最後の最後に、大仕事を成し遂げた。和田健太郎(39=千葉)がグランプリ(GP)初出場で初優勝を決め、大逆転で賞金王の座を射止めた。最終3角過ぎに内を突くと、逃げた脇本雄太(31=福井)を鮮やかに抜き去った。2着が脇本、3着には前年覇者の佐藤慎太郎(44=福島)が入り、3連単22万1650円はGP史上最高配当となった。

デビュー18年の苦労人が、初めて歓喜のゴールに飛び込んだ。最終バックで郡司が不発とみると、内にいた清水の後ろに瞬時にスイッチ。そして最終3角過ぎ、がら空きになったインを突くと、周りが止まったかのように自転車が進んだ。渾身(こんしん)のガッツポーズで雄たけびを上げた。それでも「信じられない。申し訳ないんですけど、まだ実感がないです」。心ここにあらず。それが偽らざる心境だった。

GP初出場Vは、史上11人目にして最高齢だ。また、G1ノンタイトルでのGP制覇となると、97年の山田裕仁(引退)04年小野俊之、06年有坂直樹に次いで4人目になる。松浦、脇本らタイトルホルダー、五輪代表を退けて、大逆転での賞金王の座に就いた。09年に同じくGP初出場Vを飾った同県の海老根恵太も「ないことはない、と思っていたけど、まさか取るとは…」と驚いたほどだ。

同じ平塚でヤングGPに出てから15年。

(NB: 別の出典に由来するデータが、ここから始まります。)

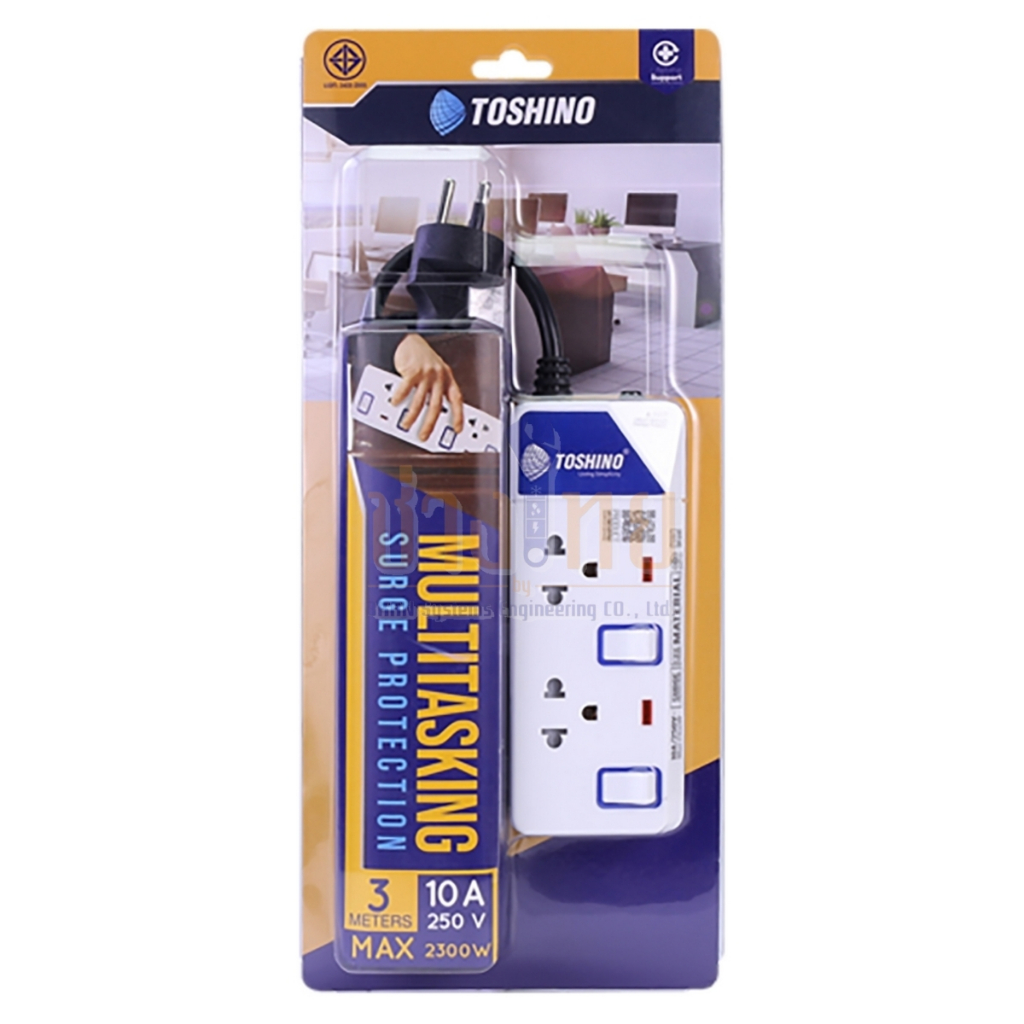 ปลั๊กพ่วง 2 ช่อง 2 สวิตช์ สายไฟยาว 3 เมตร 10 แอมป์ รุ่น ET-912 สาย VCT 3X0.75 S.qm มาตรฐาน มอก. (โตช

自力時代はビッグ戦線でも苦戦を強いられた。だが、追い込みに転じたのと同時期に、南関の機動型が続々と育つ。その代表格が、今回タッグを組んだ郡司だ。「彼が南関のエースとなって相乗効果で引っ張り上げてくれた」と感謝を口にした。

信念がある。「僕の車券を買ってくれるお客さんのために、その日1日、1レースを頑張るだけ。それがGPだろうと何だろうと」。3連単は史上最高配当。コロナ禍で沈んだ20年、最後に和田を信じたファンを笑顔にした。そんな新チャンピオンは素朴で素直だ。来年1年間、1番車が確定することについても「位置取りとか責任とか、重圧でしかない」と苦笑い。1億円の使い道も「堅実に家のローンに充てる」と笑った。決して、大きなことは言わない。「いまさら気取っても仕方がない。GPを取って『変わった』と言われるのも嫌」。全てはファンのため。それが新王者の揺るぎないポリシーだ。【山本幸史】

◆和田健太郎(わだ・けんたろう)1981年(昭56)5月27日生まれ、千葉・酒々井町出身。千葉経済大付属高卒。競輪学校(現養成所)87期生で在校成績は29位。02年8月4日弥彦でデビュー(1着、4着、9着)。18年函館でG3初制覇。G1、G2を通じて今回が初タイトル。通算1624戦305勝。通算獲得賞金は5億5904万8000円。172センチ、78キロ。血液型A。